Уточню – на примере с нашим пулеметом. Уже само обнаружение щели, сквозь которую проходит пуля, – иными словами, точное определение места, где эта пуля находится (вспомним про отдачу стенок щели), – наделяет пулю случайным рысканием и, таким образом, добавляет неопределенности ее скорости (или импульсу, что в данном случае одно и то же). В этом – вся суть! Как установил в 1927 году молодой немецкий физик Вернер Гейзенберг (1901–1976), существует компромисс: чем больше мы уверены в том, где находится частица, тем меньше мы уверены в величине ее импульса. Обратное тоже справедливо: чем больше мы уверены в том, что знаем импульс частицы, тем меньше уверены в ее местонахождении.
И это фундаментальный принцип. Речь идет в равной степени как о неодолимой неопределенности наших представлений о субатомных частицах, так и о неодолимой непредсказуемости их поведения. В повседневном мире мы точно знаем: вот человек переходит улицу на городском перекрестке и движется он со скоростью три километра в час. В микроскопическом мире мы лишены возможности с уверенностью знать обе эти вещи. Если мы знаем точно одно, это неизбежно означает, что мы остаемся в полном неведении относительно другого. Есть предельный предел – да простят мне эту тавтологию – наших знаний об окружающем мире. Вглядитесь как следует в реальность, и вы не увидите там ничего четко обрисованного. Эта реальность расплывается бессмысленным пятном с неясными очертаниями, подобно фотографии в газете, если рассматривать ее слишком близко.

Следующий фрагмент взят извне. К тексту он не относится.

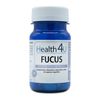 Fucus 60 Comprimidos Health4u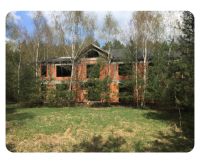 Działka rolno-budowlana Grzybowo. Zdjęcie 1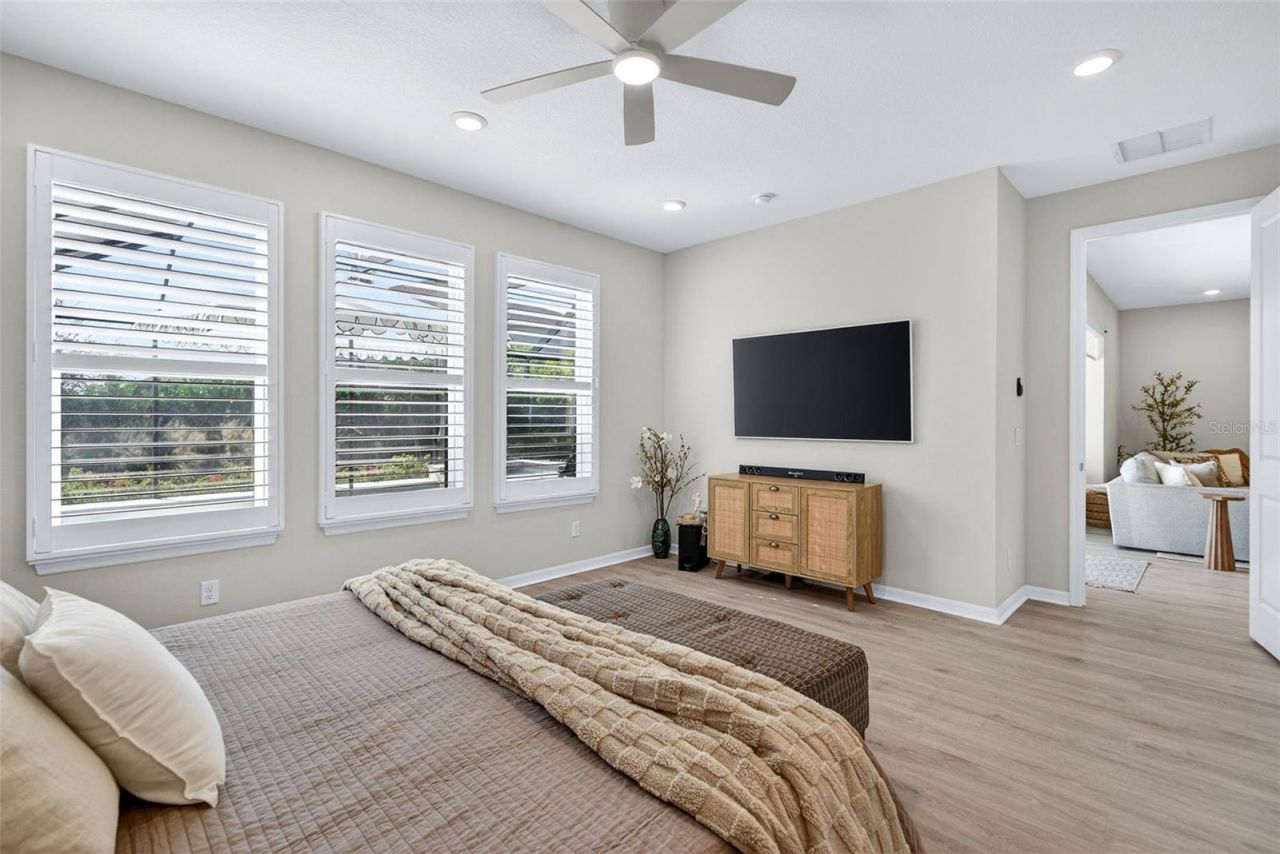 16106 Culpepper Drive, Lakewood Ranch, FL 34211 Photo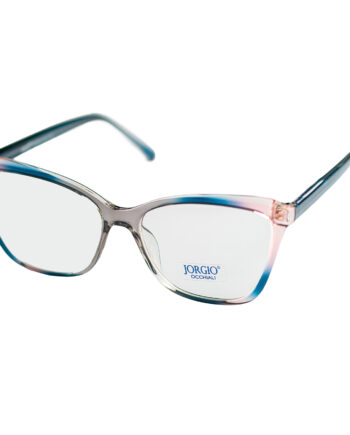 JORGIO |  DLJO043 C2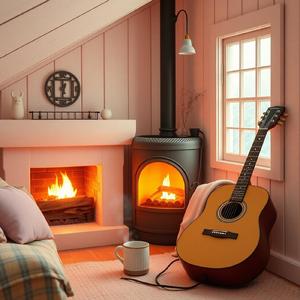 ましゅまろメロディ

Вот он – «принцип неопределенности Гейзенберга». Именно этот принцип в конечном итоге объясняет, почему атомы не съеживаются, превращаясь в ничто, и почему земля под нашими ногами твердая. Согласен: тот факт, что электроны представляют собой волны, а волнам необходим простор, – это лишь половина объяснения. Вторая половина обнаружится, стоит лишь поразмышлять, что случится с электроном, если его начнут слишком сильно прижимать к ядру. Это будет означать, что его местоположение станет известным с большой степенью точности. Но, согласно принципу неопределенности Гейзенберга, чем больше мы уверены в местоположении частицы, тем меньше мы уверены в ее импульсе. Это очень похоже на то, как если бы мы засунули пчелу в спичечный коробок. Встряхните коробок – пчела разозлится и будет с остервенением колотиться о стены своей тюрьмы. Вот электроны в атомах и есть те самые пчелы в коробках. Атомам, по словам поэта Адриана Митчелла, «на месте не сидится, им хочется повсюду пускаться в рок-н-ролл…». Когда мы ступаем по земле, наш вес сжимает атомы, из которых она состоит. Это сжатие заставляет электроны хоть чуть-чуть, но приблизиться к ядрам. А принцип неопределенности Гейзенберга понуждает их воспротивиться и оттолкнуться от ядер.
Вот почему земля твердая, а материя – плотная. Да, в частности, по причине волновой природы электронов. Но также по причине неодолимой неопределенности микроскопического мира и еще потому, что наши знания о фундаментальной реальности имеют «предельный предел». Именно об этом в конечном итоге и говорит нам тот факт, что земля под нашими ногами – твердая.